Directions for this task: Using the data that follows, give again word for word the lines between the one holding "We heard from" and the one holding "We can watch", inclusive. Omit the pictures.

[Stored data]
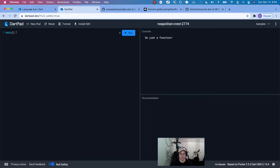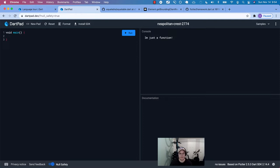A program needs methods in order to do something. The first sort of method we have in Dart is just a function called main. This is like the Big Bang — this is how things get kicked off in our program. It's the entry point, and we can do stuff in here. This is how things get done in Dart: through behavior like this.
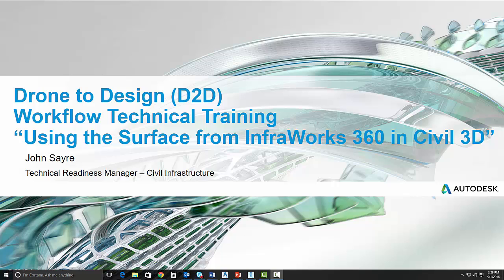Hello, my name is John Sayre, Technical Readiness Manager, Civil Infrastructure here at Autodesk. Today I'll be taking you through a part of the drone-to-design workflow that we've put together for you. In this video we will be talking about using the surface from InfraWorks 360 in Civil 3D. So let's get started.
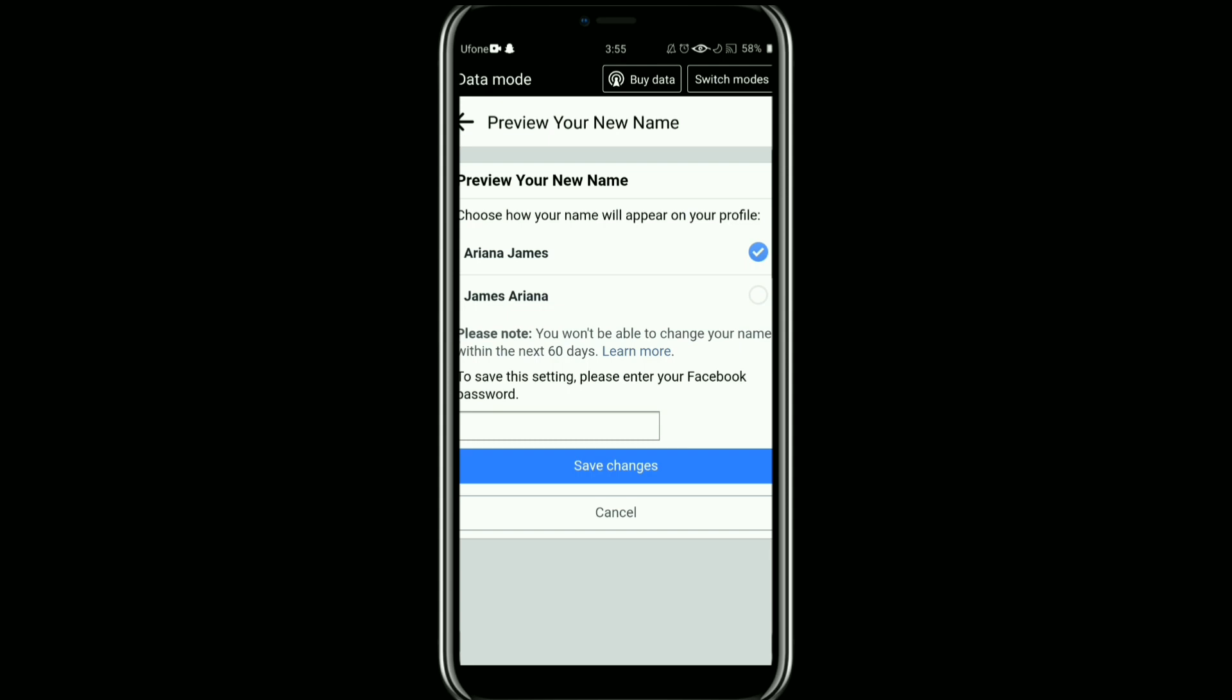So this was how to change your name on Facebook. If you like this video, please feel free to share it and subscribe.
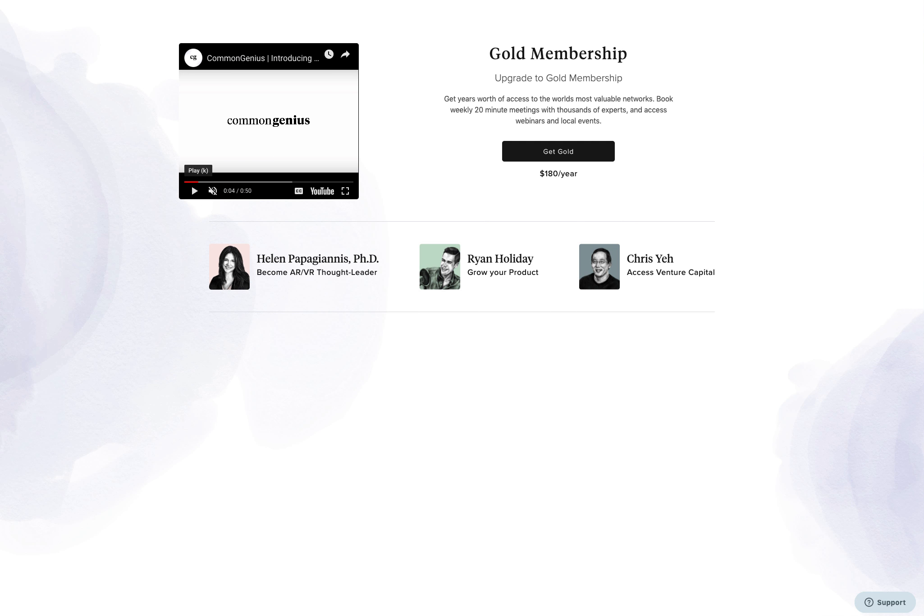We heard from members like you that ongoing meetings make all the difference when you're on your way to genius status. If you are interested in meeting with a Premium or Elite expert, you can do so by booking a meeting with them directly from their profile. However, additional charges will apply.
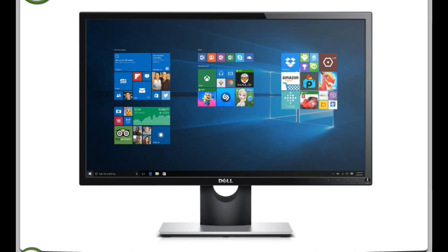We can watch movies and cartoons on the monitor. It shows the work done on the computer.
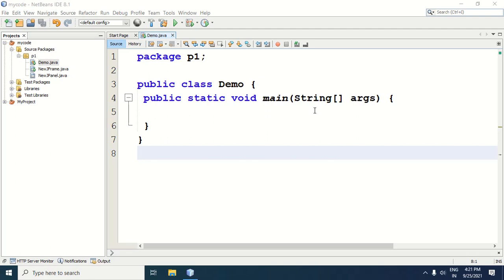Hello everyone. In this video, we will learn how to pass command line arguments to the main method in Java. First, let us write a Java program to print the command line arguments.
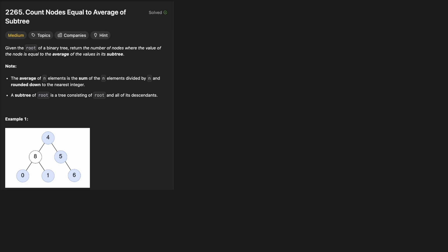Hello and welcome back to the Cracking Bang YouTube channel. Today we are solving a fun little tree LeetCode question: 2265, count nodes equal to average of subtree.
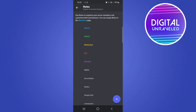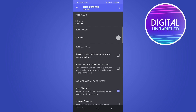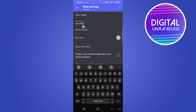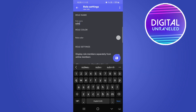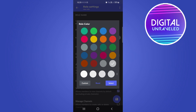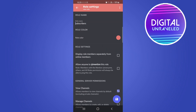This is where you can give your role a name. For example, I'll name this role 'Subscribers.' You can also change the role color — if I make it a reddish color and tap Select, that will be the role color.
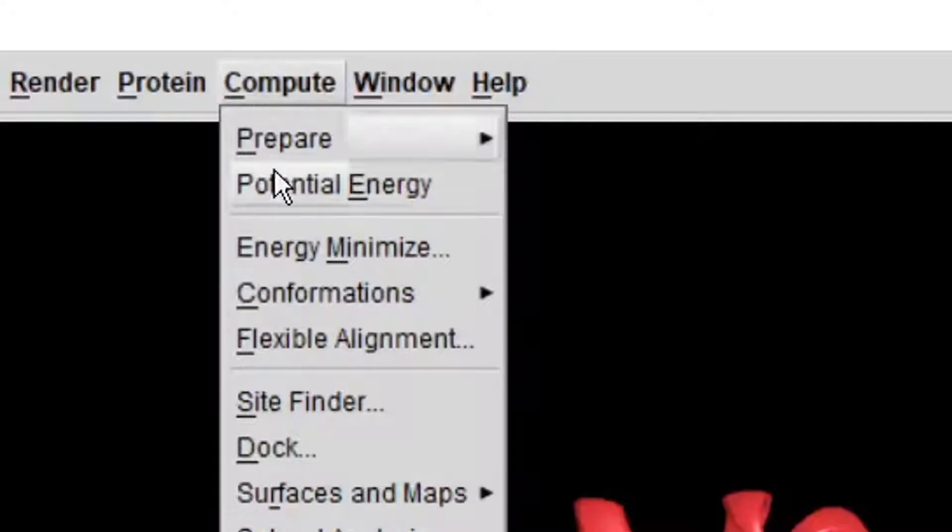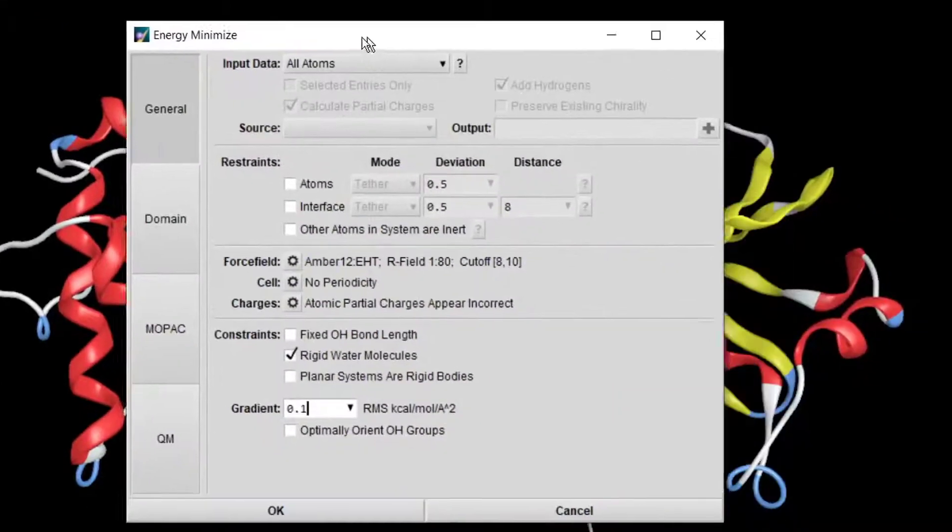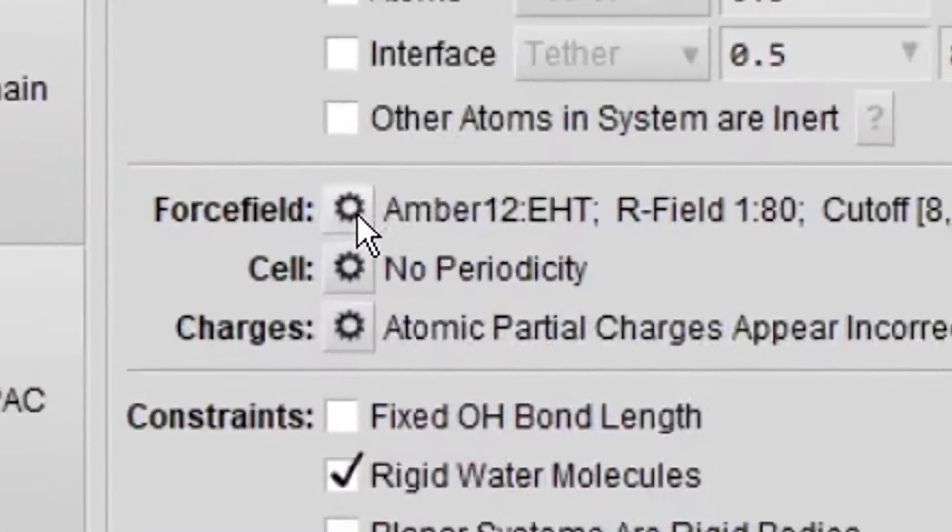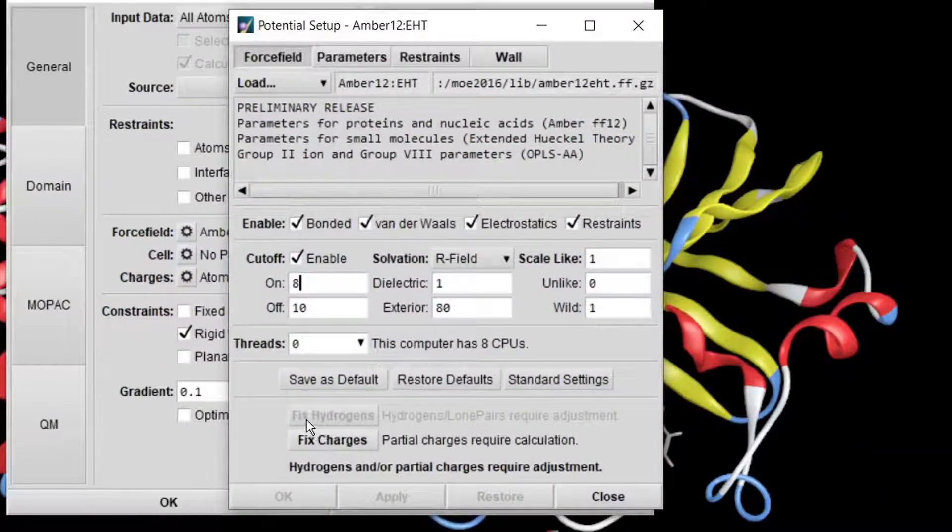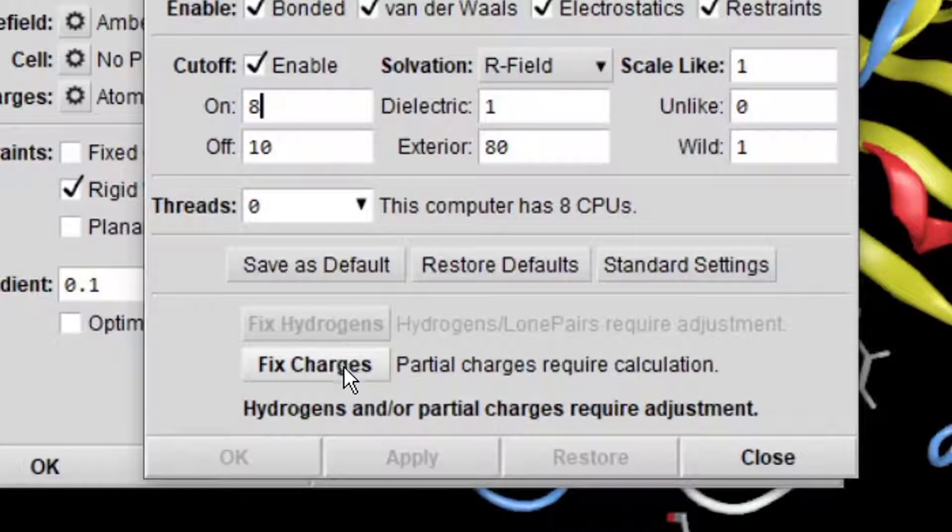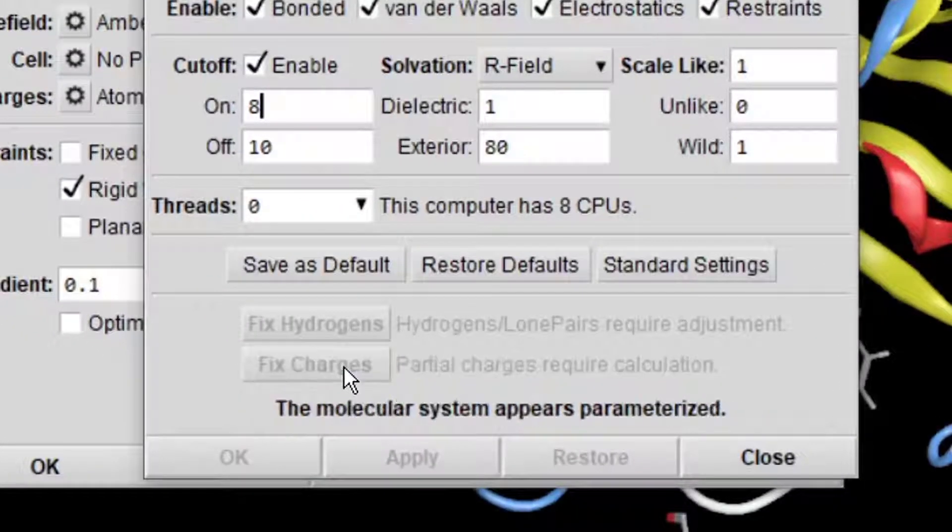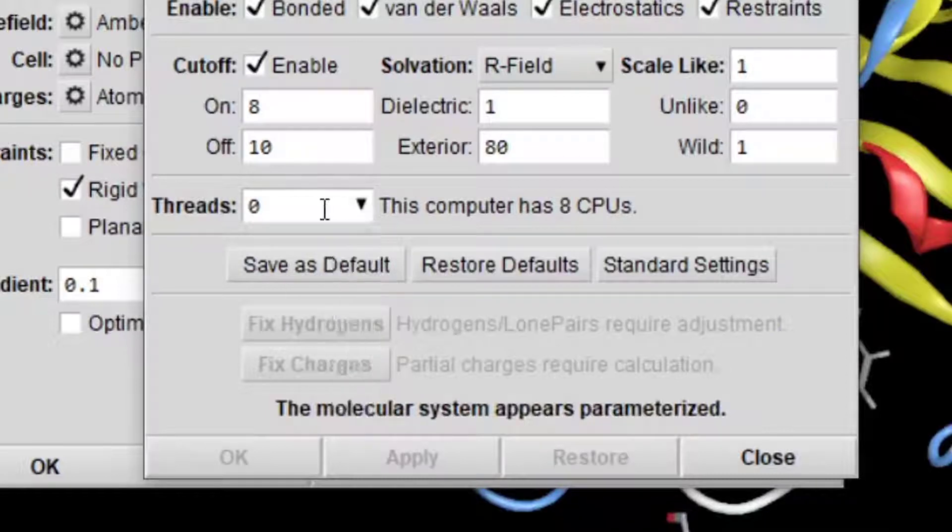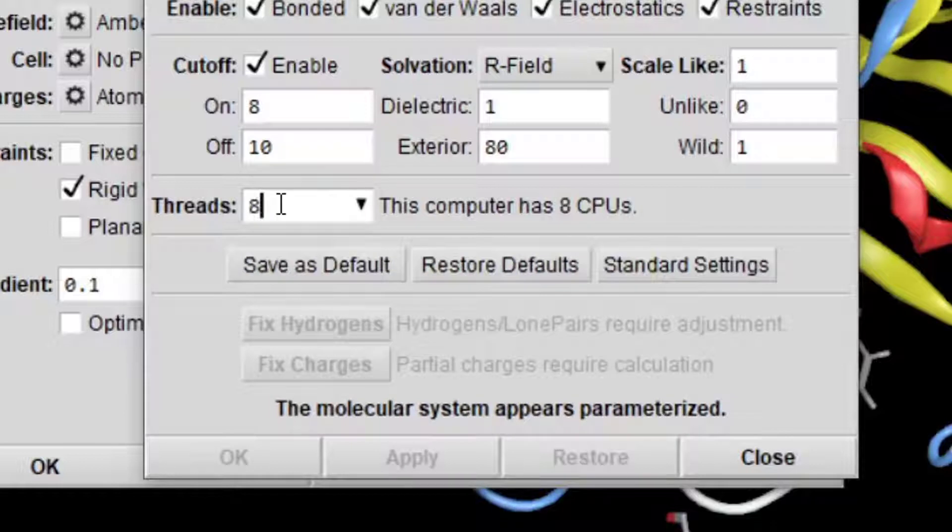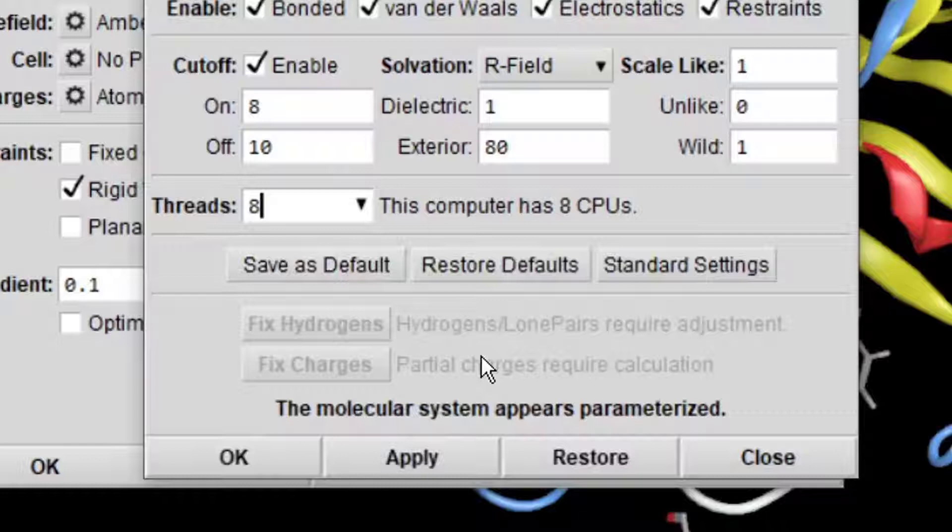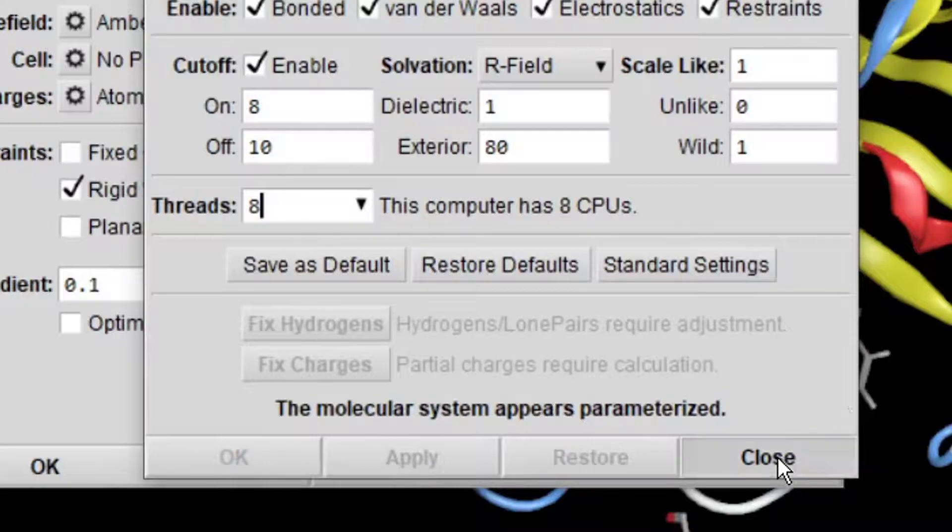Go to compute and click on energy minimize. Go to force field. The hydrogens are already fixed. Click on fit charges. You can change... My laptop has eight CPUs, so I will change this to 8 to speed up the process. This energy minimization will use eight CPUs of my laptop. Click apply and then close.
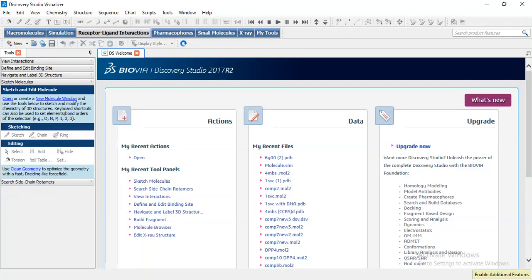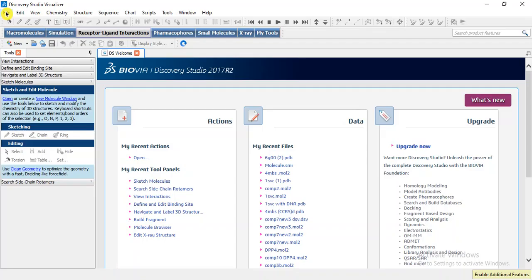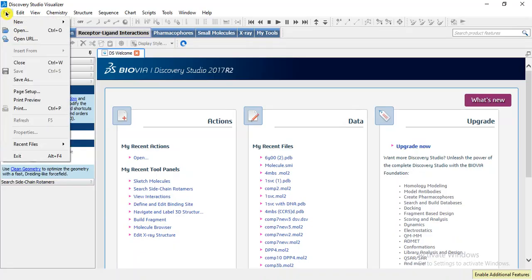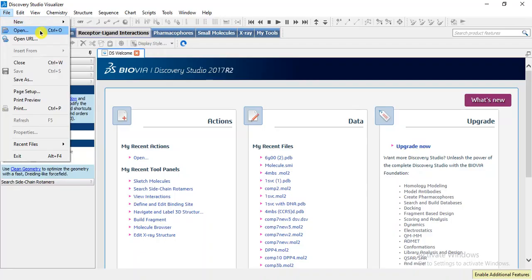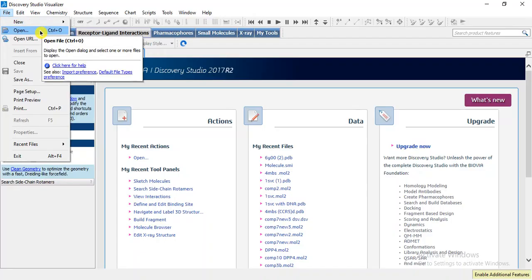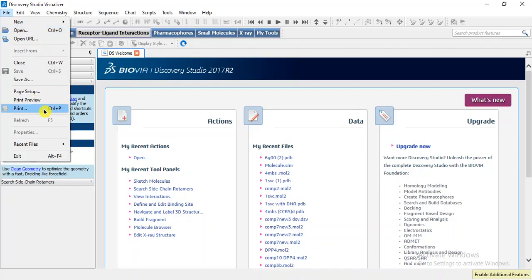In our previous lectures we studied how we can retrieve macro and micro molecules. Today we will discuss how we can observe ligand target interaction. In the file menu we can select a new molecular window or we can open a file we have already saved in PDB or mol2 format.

Result for this exercise:
We heard from members like you that ongoing meetings make all the difference when you're on your way to genius status. If you are interested in meeting with a Premium or Elite expert, you can do so by booking a meeting with them directly from their profile. However, additional charges will apply.
We can watch movies and cartoons on the monitor. It shows the work done on the computer.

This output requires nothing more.